La elfa oscura chasqueó la lengua.
—Comprendo. —Se deslizó y dejó a Daine a solas con Lei.
—¿Qué opinas? —dijo Daine—. Parece saber algo, pero me cuesta trabajo creer en la palabra de una mujer que desea que estemos muertos.
—Sigo pensando que es una coincidencia —respondió Lei, volviendo a cambiar de dirección—. Los elfos sulatar creen que el reino de luego fue una especie de paraíso. Thelanis toca a Eberron en muchos sitios. Conozco docenas de leyendas relacionadas con el reino de los videntes. A eso se reduce todo: historias que su gente ha desarrollado sobre el viaje entre planos, deformadas a través del tiempo. No está mintiendo. Sólo está viendo las cosas por medio de la lente de la superstición.

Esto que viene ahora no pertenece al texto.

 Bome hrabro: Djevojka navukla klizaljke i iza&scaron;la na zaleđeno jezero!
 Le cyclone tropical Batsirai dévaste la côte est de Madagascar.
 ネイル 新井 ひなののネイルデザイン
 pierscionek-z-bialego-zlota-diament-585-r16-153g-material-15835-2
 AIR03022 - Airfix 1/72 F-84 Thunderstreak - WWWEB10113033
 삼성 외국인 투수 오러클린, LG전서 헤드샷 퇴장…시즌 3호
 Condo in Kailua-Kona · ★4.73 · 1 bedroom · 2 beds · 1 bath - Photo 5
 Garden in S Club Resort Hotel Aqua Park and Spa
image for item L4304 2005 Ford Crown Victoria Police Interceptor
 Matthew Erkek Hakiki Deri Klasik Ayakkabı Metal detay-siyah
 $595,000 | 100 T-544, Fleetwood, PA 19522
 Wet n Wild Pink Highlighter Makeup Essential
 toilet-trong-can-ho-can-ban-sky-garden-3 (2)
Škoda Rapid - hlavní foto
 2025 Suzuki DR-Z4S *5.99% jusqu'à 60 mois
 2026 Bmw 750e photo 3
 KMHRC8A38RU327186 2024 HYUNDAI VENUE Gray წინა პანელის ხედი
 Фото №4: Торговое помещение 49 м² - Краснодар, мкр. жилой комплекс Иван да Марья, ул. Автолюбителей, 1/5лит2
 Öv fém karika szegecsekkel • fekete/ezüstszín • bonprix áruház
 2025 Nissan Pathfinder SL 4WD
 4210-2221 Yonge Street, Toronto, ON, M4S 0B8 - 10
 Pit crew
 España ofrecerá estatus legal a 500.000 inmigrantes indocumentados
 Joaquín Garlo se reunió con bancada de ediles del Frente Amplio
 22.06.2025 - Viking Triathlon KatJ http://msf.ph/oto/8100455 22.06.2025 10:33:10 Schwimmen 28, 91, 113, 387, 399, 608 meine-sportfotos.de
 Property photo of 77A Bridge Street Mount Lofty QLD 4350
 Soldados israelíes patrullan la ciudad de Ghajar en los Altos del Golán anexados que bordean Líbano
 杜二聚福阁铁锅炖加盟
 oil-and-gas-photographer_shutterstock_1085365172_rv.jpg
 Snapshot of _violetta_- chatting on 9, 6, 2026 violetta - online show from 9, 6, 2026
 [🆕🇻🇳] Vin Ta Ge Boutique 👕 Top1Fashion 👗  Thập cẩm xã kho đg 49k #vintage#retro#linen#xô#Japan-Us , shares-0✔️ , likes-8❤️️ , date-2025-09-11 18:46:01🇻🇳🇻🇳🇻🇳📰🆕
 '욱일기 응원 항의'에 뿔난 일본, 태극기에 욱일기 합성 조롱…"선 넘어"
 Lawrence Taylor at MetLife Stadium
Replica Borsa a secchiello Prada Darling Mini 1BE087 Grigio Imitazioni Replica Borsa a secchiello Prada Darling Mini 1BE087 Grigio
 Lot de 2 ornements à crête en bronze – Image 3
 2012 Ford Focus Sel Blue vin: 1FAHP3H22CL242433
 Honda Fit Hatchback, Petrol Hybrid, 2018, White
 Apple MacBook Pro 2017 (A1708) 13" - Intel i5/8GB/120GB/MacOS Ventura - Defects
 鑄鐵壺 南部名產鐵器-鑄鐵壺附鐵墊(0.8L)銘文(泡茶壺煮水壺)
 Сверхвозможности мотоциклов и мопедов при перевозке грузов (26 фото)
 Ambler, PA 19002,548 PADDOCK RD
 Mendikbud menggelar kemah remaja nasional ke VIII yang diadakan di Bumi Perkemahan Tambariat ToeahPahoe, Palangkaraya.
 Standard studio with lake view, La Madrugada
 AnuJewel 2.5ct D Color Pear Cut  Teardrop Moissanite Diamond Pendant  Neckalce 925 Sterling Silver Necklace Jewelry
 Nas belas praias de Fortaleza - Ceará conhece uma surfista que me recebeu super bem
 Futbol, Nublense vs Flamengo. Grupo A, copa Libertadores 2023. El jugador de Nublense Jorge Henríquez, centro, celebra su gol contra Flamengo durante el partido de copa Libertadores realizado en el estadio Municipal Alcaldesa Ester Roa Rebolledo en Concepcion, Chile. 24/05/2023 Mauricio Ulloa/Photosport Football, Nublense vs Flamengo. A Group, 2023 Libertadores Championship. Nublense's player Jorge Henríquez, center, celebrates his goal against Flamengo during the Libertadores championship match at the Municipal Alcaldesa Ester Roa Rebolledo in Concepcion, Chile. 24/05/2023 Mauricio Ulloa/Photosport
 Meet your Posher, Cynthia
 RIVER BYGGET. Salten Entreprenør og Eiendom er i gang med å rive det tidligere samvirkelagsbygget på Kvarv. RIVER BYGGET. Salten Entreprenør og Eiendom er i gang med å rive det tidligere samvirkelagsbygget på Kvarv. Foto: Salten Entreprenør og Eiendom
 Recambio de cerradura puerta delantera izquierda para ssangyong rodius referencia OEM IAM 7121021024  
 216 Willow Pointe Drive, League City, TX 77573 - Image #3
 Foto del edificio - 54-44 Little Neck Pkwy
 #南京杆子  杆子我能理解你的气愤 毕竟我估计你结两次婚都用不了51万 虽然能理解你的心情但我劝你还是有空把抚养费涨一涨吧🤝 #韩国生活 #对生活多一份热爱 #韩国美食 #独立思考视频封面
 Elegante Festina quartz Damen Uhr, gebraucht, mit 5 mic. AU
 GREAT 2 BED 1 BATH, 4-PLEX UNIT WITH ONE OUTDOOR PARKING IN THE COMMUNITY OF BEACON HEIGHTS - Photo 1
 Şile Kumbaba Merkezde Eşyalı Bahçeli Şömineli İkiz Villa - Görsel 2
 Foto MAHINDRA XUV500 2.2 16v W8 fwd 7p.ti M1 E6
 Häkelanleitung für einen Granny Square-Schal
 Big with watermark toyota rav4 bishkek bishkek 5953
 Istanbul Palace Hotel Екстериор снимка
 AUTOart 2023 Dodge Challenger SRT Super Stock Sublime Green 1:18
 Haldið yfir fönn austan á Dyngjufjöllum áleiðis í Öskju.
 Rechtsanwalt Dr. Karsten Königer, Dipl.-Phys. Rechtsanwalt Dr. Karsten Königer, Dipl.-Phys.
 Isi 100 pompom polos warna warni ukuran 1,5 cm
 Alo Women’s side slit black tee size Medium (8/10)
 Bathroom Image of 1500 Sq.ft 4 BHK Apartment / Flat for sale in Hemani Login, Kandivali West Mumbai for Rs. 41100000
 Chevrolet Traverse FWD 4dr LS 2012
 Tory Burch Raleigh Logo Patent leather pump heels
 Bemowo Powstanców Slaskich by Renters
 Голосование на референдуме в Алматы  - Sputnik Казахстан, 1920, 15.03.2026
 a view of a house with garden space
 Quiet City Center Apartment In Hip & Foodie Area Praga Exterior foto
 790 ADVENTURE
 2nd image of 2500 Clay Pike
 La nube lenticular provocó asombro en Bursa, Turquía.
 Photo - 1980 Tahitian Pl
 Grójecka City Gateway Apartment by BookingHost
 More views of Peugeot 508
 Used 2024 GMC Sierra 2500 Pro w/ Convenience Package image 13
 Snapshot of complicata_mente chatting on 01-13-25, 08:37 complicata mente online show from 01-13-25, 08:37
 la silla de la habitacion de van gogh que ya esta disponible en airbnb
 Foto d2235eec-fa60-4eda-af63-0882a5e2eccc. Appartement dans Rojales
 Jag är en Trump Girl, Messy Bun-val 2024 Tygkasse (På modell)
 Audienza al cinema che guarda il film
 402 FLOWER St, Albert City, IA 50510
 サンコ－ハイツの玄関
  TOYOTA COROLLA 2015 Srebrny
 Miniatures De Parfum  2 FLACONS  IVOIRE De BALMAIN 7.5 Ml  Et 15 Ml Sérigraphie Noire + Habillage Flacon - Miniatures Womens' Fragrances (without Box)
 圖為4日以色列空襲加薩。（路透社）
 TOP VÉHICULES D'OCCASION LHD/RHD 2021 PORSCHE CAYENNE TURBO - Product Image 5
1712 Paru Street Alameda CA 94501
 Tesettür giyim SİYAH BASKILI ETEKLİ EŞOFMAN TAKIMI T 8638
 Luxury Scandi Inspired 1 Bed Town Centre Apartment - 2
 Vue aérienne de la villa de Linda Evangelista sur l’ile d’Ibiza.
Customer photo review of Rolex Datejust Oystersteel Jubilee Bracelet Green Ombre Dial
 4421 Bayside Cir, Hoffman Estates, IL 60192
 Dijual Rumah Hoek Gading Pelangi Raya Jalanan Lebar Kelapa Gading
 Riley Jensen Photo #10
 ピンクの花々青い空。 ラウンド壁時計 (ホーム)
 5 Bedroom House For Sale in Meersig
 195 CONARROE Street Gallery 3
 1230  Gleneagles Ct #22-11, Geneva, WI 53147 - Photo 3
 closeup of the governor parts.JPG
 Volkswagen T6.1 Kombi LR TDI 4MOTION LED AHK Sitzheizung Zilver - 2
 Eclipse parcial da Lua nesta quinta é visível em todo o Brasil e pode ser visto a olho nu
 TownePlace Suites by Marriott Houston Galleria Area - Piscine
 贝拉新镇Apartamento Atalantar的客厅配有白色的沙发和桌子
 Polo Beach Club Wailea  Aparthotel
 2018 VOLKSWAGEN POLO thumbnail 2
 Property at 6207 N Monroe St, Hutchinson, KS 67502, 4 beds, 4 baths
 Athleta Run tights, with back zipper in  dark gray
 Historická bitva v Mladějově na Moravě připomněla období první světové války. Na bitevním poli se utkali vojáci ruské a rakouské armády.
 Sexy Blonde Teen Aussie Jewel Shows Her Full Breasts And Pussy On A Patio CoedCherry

—¿Y todo eso de encontrar el amanecer?
—Creo que en eso tiene razón. Mira la luna. Llevamos horas caminando y no se ha movido lo más mínimo. Nada ha cambiado. No sé qué decir sobre lo de comprar el paso con sangre, ni sé adonde nos está llevando mi bastón. Pero sabe adonde tenemos que ir, así que sugiero que lo seguimos.
Daine alzó la mirada para contemplar la luna. Observó el cielo, frunció el entrecejo, cogió a Lei por un hombro y la detuvo.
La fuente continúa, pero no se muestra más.